There are several polarized options for low-light conditions as well. These lenses are designed to provide the maximum amount of contrast, let in more light that standard lenses, and cut the glare that is naturally on top of the water. The Maui Jim Rose lens is in this category, but you can also wear this lens in brighter conditions as well. The Kaenon Yellow-50 and Copper-50 are both polarized lenses that are very specifically for low light conditions. We prefer the Copper-50 because of the added contrast, but some people prefer the impression of brightness that you get from a yellow lens.
Running and Bicycling
For runners and bicyclists selecting a good contrast lens is as important as getting a lightweight, comfortable frame. Versatility is also helpful because these activities often put people in variable light conditions, sunup to sundown.

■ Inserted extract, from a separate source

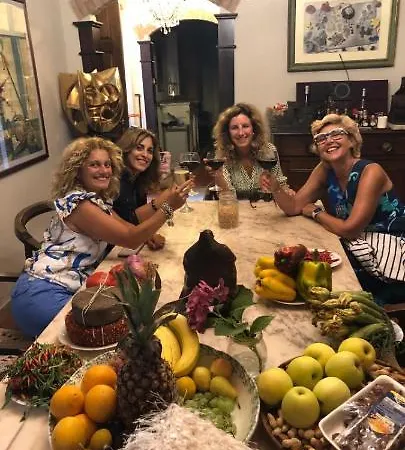 Alojamento de Acomodação e Pequeno-almoço Marinsky , Lucca *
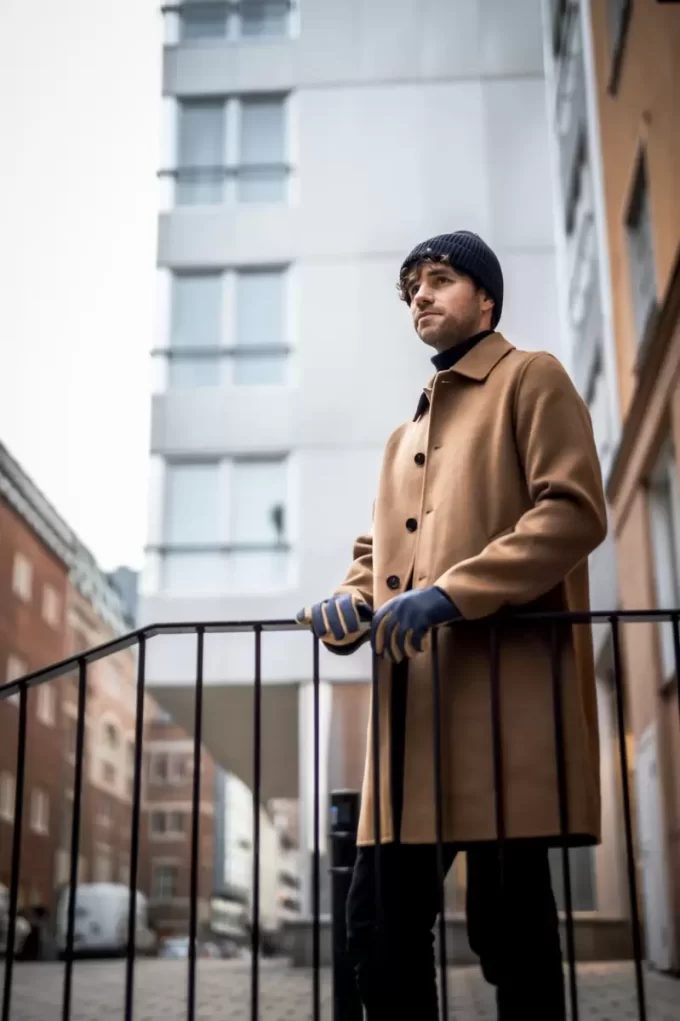 Herr Zephyr Herr Zephyr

We routinely see professional runners wearing no sunglasses at all, and professional cyclists wearing grey lenses. These is rarely good ideas. Damaging UV light is the leading cause of cataracts. Running without glasses will not only produce unnecessary stain on your eyes that causes eventual fatigue, it can cause permanent damage. And Grey lenses are a good choice only if the wearer is unusually light sensitive. Grey provides zero contrast. It just makes everything darker. It is much easier to judge road textures and identify hazards with a good contrast lens.
Both Oakley and Native have great options for athletes looking for versatility. The Native semi-rimless glass, like the Hardtop XP, come with a polarized lens, as well as a lightly tinted “reflex” lens for low-light conditions. The Oakley Racing Jacket just replaced the Oakley Jaw Bone. (Exact same lens shape) These Oakley lenses are easily interchangeable, and Oakley has some great lens color options for cyclists that are also available in a polarized option. These include Polarized Bronze, Polarized VR28 Black Iridium, Polarized G30 Iridium and Polarized OO Black Iridium.
Other favorite lens choices for bicycling include the Nike Max Speed Tint, Kaenon Copper-12 and Adidas LST Contrast lens.
We go into lots more detail about selecting motorcycle glasses in our Motorcycle Sunglasses Buyer's Guide. Proper vision is a function of managing the air that could swirl around your eyes and selecting a tint that allows you to relax and see clearly. Tints that work best for motorcyclists are the same tints that work best for bicyclists and runners.
Choose a golf lens that wraps around your head, or protects your eyes from all angles. Those tiny flat frames that are so popular for street eye wear do not belong on a golf course. If light is reflecting off the back of the glasses and into your eye, your sunglasses are not protecting your eyesight.
Oakley offers several awesome choices for golfers. The G-30 lens is copper color that is fine-tuned just for colors on a golf course. (The "G" stands for Golf) The VR-28 is also a great choice for golfers.
Nike has a golf tint that looks a bit purple. We hear lots of good things about this lens.
Bolle has a goldish-brown tint called EagleVision that is designed specifically for golfers. Gold shades also improve depth perception.
According to industry estimates, 18-20 thousand car accidents a day are attributed to glare. Polarized lenses have the greatest impact on glare, regardless of color.
Hiking, Hunting, and Wilderness
Red provides the best contrast when looking at any green background.
Amber or brown provides excellent depth perception against a green grass or blue sky background.
Yellow lenses block harmful blue light, and enhance an orange target for shooters.